Children love dens and caves, hidden places where you can hide away in safety; tree houses have a particular appeal. Adults aren’t quick to follow you up there, of course, and it also reverses the roles rather nicely: finally the adult has to look up at you for once. In Wolf, the new book by Martha Heesen, Nene and her friend Coppe each have their own branch of the tree. But they’re missing a roof over their heads. So Coppe goes looking for a piece of corrugated iron and in the dark he ends up under a motorbike.
He doesn’t come home for months and, when he does, he’s changed. He doesn’t seem interested in tree houses any more, and not even in Nene. And certainly not after he’s given Wolf the dog as a consolation. Nene is scared of the animal and she’s also jealous. During a forbidden outing, they go swimming in the river and Wolf is dragged away by the current.

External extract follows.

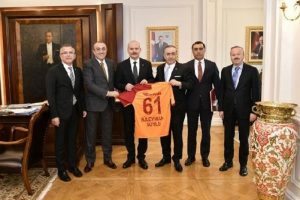 Galatasaray Başkanı Cengiz'den, Soylu ve &Ouml;zhaseki'ye ziyaret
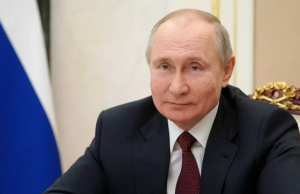 Путин рассказал о собственной вакцинации от коронавируса назальной вакциной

Nene feels guilty and in the middle of the night she goes looking for the dog. She finds Wolf in the watery woods, conquers her fear and carries the animal home. Everything that is to be commended about this book centres upon its simplicity: Wolf is a story with a simple plot, developed in a straightforward manner and written in plain language. The nighttime journey to the dangerous woods is not firstly about the spectacular undertaking, with rumbling thunder and slurping swampland. For Heesen, the way people react to an event is more fascinating than the event itself. So it’s all about Nene’s feelings, particularly the dreadful combination of fear, jealousy and guilt. And so the search for Wolf becomes one that delivers repentance, effects a victory and brings about a reconciliation.
Wolf is an accessible story, written with attention for the smallest details and involving good, old-fashioned reflection on events. And just as children like it: everything ends up as it should be and so at the end Coppe climbs back into the tree and the new design for the tree house is ready. And this time it includes a dog lift for Wolf.